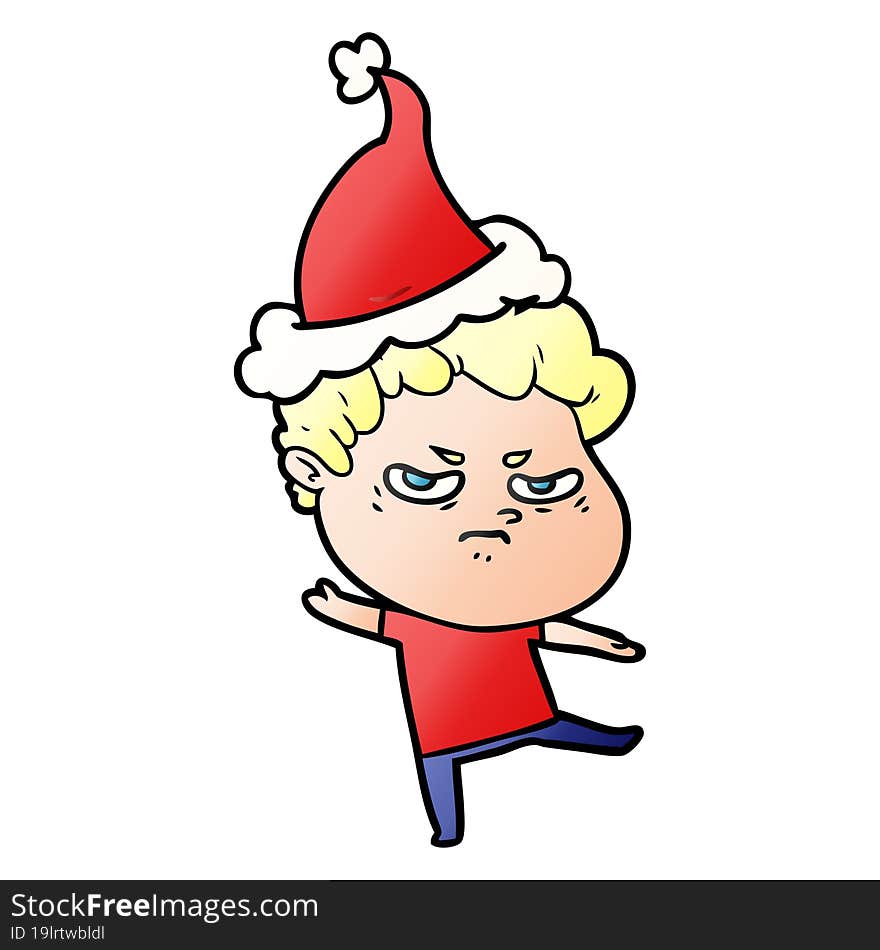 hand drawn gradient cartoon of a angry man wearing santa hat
==
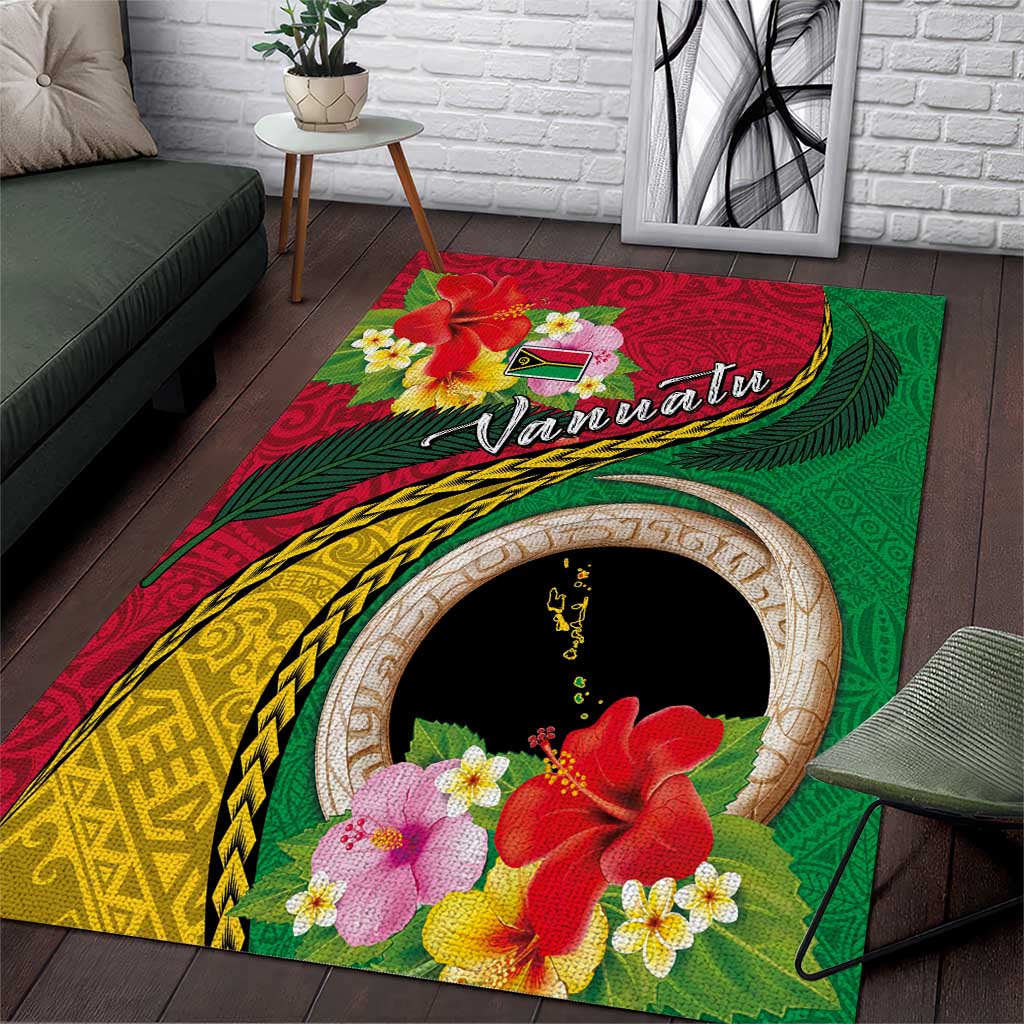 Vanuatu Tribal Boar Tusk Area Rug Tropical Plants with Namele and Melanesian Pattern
* * *
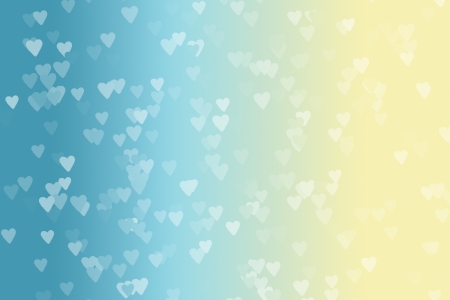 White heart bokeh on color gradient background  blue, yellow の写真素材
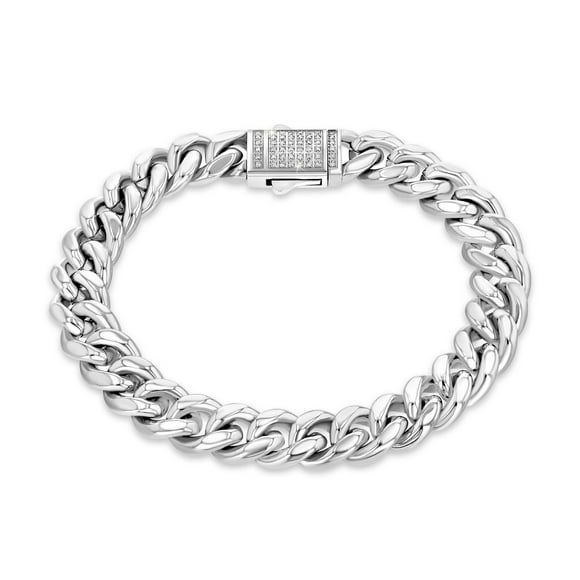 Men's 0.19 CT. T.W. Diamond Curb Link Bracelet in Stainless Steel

## TASK DESCRIPTION
Using the entries above, transcribe every line from the line containing "White heart bokeh" through the line containing "Men's 0.19 CT.". Do not copy pictures.

## ANSWER TO THIS PROBLEM
 White heart bokeh on color gradient background  blue, yellow の写真素材
 Men's 0.19 CT. T.W. Diamond Curb Link Bracelet in Stainless Steel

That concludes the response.